Matt Davis

The mayor's racial profiling committee seems to be reaching a stalemate after the police union hired a statistical consultant who says there's no proof cops are engaging in the practice.

There has been much talk over issues such as whether racial profiling exists, but little action on what to do about it since the committee was originally formed in January 2007.

The committee was originally asked to evaluate traffic and pedestrian stop data; to recommend policy changes for eliminating racial profiling; to monitor the implementation of policy recommendations; to facilitate a dialog between police and the community; and to monitor the implementation of the police bureau's plan to eliminate racial profiling. Sixteen months later, the committee says it hopes to finally make policy recommendations to the city council by August.

"I think it's time for this committee to start producing results, or we need to try a different tact," says City Commissioner Sam Adams, who has talked about the issue on the mayoral campaign trail. "My patience is wearing very thin."

Still, Portland Police Association boss Robert King seems in no hurry to push the committee forward, and threw another wrench in the works last Thursday, April 17, by bringing along Kansas-based consultant Brian Withrow.

Withrow said there is no way to prove racial profiling is happening, based on his analysis of 68,107 traffic stops from 2006. The traffic stop data shows that African American drivers were 3.4 times more likely than whites to be pulled over, and less likely to be carrying contraband—but Withrow argued that more information is needed to provide proof of an officer's motive. He said asking an officer to rate the seriousness of an alleged infraction before making a stop might be one way to do that, so the community can ask, "Did African American drivers get stopped for relatively minor things but get tickets?"
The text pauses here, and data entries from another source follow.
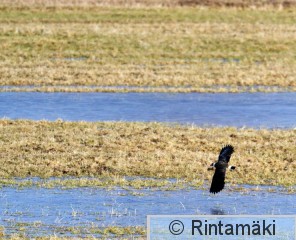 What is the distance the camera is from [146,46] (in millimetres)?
35781

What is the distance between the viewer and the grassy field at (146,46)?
27.7m

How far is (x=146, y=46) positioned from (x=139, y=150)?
18.8 meters

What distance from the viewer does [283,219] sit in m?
12.7

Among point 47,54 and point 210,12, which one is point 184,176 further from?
point 210,12

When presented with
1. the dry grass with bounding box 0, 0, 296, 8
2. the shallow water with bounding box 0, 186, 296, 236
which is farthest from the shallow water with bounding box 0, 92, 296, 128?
the dry grass with bounding box 0, 0, 296, 8

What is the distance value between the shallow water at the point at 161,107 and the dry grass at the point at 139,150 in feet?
4.22

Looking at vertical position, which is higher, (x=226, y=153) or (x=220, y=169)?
(x=226, y=153)

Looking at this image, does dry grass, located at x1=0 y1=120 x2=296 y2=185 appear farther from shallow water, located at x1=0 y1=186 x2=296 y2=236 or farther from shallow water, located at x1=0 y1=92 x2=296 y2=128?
shallow water, located at x1=0 y1=92 x2=296 y2=128

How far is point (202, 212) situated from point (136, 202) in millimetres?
1098

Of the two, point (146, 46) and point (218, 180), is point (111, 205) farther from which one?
point (146, 46)

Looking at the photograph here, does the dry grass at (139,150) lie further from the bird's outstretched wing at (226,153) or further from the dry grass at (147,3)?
the dry grass at (147,3)

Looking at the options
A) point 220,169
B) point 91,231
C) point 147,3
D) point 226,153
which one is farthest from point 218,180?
point 147,3

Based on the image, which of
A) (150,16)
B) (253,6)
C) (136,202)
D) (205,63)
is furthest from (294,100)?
(253,6)

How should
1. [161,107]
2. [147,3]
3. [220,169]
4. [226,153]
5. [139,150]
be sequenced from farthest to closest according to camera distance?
1. [147,3]
2. [161,107]
3. [139,150]
4. [226,153]
5. [220,169] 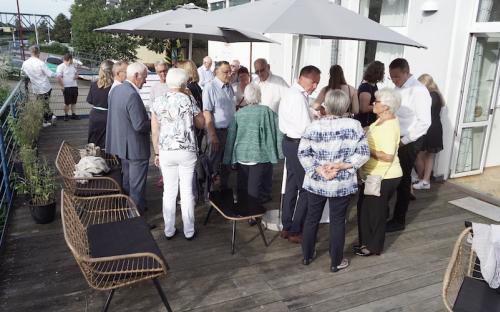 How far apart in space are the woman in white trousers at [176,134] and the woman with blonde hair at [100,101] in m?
1.60

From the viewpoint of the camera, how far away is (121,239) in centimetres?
260

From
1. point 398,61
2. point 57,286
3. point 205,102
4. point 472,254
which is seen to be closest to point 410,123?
point 398,61

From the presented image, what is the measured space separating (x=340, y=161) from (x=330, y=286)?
1005 mm

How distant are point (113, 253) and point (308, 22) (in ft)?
7.00

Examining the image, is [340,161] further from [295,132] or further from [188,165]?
[188,165]

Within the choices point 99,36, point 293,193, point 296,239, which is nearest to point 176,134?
point 293,193

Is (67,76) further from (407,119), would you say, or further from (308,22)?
(407,119)

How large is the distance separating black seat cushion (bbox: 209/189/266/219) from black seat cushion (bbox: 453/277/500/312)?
64.8 inches

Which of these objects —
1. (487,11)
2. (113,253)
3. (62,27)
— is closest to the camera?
(113,253)

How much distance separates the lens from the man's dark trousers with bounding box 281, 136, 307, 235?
3393 mm

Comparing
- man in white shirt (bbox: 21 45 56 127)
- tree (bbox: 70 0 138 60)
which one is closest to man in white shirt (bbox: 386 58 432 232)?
man in white shirt (bbox: 21 45 56 127)

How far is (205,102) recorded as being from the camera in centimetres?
421

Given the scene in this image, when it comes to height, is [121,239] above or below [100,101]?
below

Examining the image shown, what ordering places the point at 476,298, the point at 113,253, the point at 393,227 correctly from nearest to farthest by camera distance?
the point at 476,298
the point at 113,253
the point at 393,227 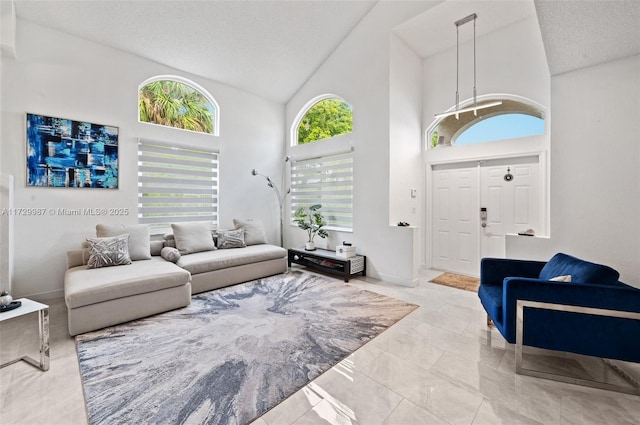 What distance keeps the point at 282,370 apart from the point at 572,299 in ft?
6.93

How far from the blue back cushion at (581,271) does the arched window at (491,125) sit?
252 centimetres

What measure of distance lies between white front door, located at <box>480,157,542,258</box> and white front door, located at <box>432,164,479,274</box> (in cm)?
15

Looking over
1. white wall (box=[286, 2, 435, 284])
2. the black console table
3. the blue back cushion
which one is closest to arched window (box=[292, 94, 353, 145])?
white wall (box=[286, 2, 435, 284])

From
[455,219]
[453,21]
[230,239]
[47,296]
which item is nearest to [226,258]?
[230,239]

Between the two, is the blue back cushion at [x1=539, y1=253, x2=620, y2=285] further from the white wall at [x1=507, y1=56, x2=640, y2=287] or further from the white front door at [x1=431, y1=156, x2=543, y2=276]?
the white front door at [x1=431, y1=156, x2=543, y2=276]

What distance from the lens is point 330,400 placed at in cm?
175

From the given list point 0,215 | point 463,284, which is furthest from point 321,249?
point 0,215

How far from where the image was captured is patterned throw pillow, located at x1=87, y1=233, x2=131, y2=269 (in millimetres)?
3184

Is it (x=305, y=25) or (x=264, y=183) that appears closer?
(x=305, y=25)

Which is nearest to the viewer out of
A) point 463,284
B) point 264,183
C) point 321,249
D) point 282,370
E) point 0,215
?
point 282,370

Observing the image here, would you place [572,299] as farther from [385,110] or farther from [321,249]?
[321,249]

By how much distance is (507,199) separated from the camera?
4320mm

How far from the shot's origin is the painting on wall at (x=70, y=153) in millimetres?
3344

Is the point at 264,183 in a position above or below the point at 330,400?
above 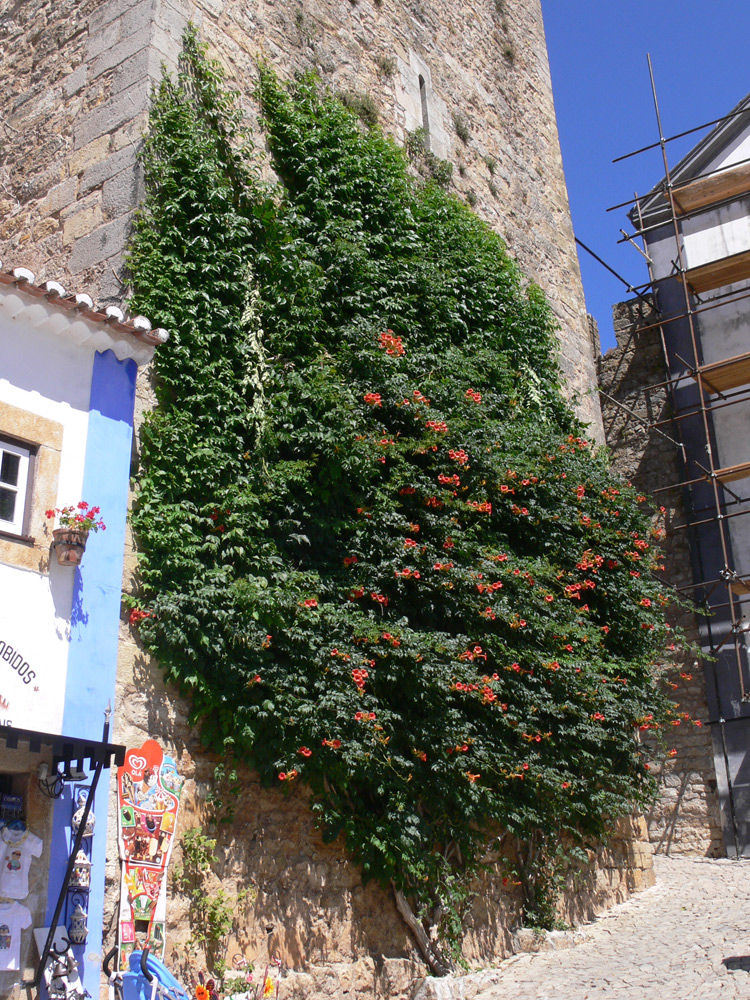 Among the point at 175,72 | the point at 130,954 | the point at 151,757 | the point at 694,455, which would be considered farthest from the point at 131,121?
the point at 694,455

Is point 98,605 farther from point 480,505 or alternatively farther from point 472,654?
point 480,505

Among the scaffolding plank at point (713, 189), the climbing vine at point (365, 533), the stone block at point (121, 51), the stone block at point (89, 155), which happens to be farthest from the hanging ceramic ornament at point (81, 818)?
the scaffolding plank at point (713, 189)

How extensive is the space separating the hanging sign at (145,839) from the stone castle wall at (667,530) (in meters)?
6.32

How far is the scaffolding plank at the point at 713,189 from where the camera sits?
1377 cm

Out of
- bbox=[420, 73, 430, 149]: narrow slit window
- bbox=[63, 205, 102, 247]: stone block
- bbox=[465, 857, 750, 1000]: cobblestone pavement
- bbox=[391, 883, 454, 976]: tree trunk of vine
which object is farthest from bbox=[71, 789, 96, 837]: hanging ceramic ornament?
bbox=[420, 73, 430, 149]: narrow slit window

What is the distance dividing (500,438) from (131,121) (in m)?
3.64

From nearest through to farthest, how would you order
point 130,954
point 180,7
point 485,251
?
point 130,954, point 180,7, point 485,251

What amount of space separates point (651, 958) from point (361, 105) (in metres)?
7.78

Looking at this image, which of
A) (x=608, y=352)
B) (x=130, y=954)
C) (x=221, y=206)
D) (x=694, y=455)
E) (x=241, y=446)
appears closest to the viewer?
(x=130, y=954)

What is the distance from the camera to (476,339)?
9.58m

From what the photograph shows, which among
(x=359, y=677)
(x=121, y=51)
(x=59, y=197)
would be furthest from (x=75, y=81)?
(x=359, y=677)

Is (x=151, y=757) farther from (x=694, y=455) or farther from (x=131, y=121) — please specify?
(x=694, y=455)

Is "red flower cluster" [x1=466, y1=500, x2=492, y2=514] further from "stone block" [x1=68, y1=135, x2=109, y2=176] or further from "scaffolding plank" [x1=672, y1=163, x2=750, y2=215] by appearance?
"scaffolding plank" [x1=672, y1=163, x2=750, y2=215]

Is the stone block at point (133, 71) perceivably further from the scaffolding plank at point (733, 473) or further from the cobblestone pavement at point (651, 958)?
the scaffolding plank at point (733, 473)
The presentation raised the hackles of some on the racial profiling group. Co-chair Jo Ann Bowman, executive director of Oregon Action, said she feels like the traffic stop data gives a "snapshot of what is happening at a given time," adding, "as the community, if you see these numbers, how could you not come to the conclusion that something is going on?"

In its second year, the committee appeared to be rehashing the same arguments that came up when Mayor Potter first raised the issue of racial profiling at a council session in March 2006, telling Somali immigrant Kayse Jama that his being stopped four times by police in 18 months "smacked of racism." When asked if there could be alternate explanations for Jama's treatment, Potter said if something "walks like a duck, quacks like a duck...."

Potter later apologized for "taking sides without knowing all the facts," then initiated a series of five community listening sessions, which ultimately led to the formation of the committee.

Commissioner Adams, meanwhile, says he is encouraged the union appears open to analyzing the data, and suggests expert consultants might sit down with the committee members to go over the data and methodology together. Others are less optimistic.

"As long as our racial profiling discussions are based on one side insisting it exists, and one side insisting it doesn't, then we're not going to move forward," says John Campbell, the consultant who compiled a report last September on the city's controversial Drug-Free Zones, showing African Americans were more likely to be excluded for the same crimes than whites.

Campbell's report lambasted the police bureau's "lack of intellectual curiosity," after none of the theories proffered by the police bureau for the disparities panned out in the statistical analysis. Now, he says even if King could prove beyond doubt that there was no such thing as racial profiling, there would still be another problem to address.

"There is a measurable and stark division in community distrust of the police between whites and African Americans," he says. "I think that is the problem, and that is where we really need to be focusing our attention."

Bowman says it feels like the committee is going back to the beginning of its work. "King knew the outcome of Withrow's report would support his position," she says. "Of course you can go and hire a certified smart person to stand up for your position, but the police union could have spent those dollars better by talking to people on the streets who have experienced racial profiling for themselves."

"The committee has been in a state of flux from the beginning," says King. " Portland police do not engage in racial profiling, which of course calls the very purpose of the committee into question.

"Nevertheless, the committee members have exchanged a lot of information and perhaps we are listening to one another better than we were," King continues. "So the process has not been wasted."

"We're moving forward," says Maria Rubio, the mayor's public safety policy director. "The data has always been inconclusive on this issue, but this was identified as an issue by city council."